Desde agosto 2008 se publicaron los primeros libros en tres colecciones, ficción, ensayos y crónicas: la novela Cuarteto para autos viejos, de Miguel Vitagliano; dos reediciones de Oscar Masotta, Sexo y traición en Roberto Arlt, con prólogo de Luis Gusmán; e Introducción a la lectura de Jacques Lacan, prologado por Germán García; Fantasmas de Malvinas, crónica del historiador Federico Lorenz sobre su viaje a las islas; Frío en Alaska, cuentos de Matías Capelli; 1983, del fotógrafo Dani Yako, con textos de Estela de Carlotto, Raúl Alfonsín, Martín Caparrós y Beatriz Sarlo, entre otros; los imperdibles relatos de Recorre los campos azules, de la irlandesa Claire Keegan, traducidos por Jorge Fondebrider; los cuentos de Continuadísimo, de Naty Menstrual; los relatos de Los padres de Sherezade, de Daniel Guebel; la antología de cuentos sobre el tabaco, Vagón fumador. Acaba de salir otra antología, El futuro no es nuestro, con relatos de varios jóvenes narradores latinoamericanos. Y para este año está previsto publicar a Mario Bellatin, Los fantasmas de la masajista; Daniel Link y Juan Villoro, entre otros autores.

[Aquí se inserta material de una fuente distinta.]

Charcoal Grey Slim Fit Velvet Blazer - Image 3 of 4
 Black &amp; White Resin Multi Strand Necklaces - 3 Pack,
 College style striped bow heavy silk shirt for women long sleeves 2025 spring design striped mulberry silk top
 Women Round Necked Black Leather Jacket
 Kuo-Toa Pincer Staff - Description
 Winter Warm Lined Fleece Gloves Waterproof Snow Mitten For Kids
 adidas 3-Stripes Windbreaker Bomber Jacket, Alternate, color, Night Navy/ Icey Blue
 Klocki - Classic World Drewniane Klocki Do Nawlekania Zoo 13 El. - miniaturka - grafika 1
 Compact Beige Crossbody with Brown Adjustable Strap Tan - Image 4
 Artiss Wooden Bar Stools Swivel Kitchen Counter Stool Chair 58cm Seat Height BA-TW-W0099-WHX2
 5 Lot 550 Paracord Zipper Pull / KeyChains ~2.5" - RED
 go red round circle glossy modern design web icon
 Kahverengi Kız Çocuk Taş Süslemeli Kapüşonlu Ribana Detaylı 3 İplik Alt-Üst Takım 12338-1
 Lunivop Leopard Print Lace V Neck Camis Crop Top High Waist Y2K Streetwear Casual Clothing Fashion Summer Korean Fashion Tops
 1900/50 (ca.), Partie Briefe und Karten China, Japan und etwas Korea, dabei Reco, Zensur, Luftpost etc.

“Vamos a publicar unos veinte libros por año, buena literatura, mucha ficción y ensayo”, resume Braun, fanático del uruguayo Mario Levrero, “que me obligó a leerlo entero”. Braun cree que se está formando un circuito librero-editorial en Palermo. “Quiero una librería donde la gente venga, por eso tenemos el bar y hay una determinada selección de libros, porque no me interesa tener una librería de paso con libros de Coelho. Mi intención es que sea un pequeño centro cultural literario; que no sólo vengan a comprar libros sino a charlar. Ahora estoy pensando en organizar debates los martes.” ¿Cierran las cuentas de una librería que publica libros? Braun se ríe y responde: “Estamos en el mundo de la cultura, si querés hacer plata, andá a vender heladeras”.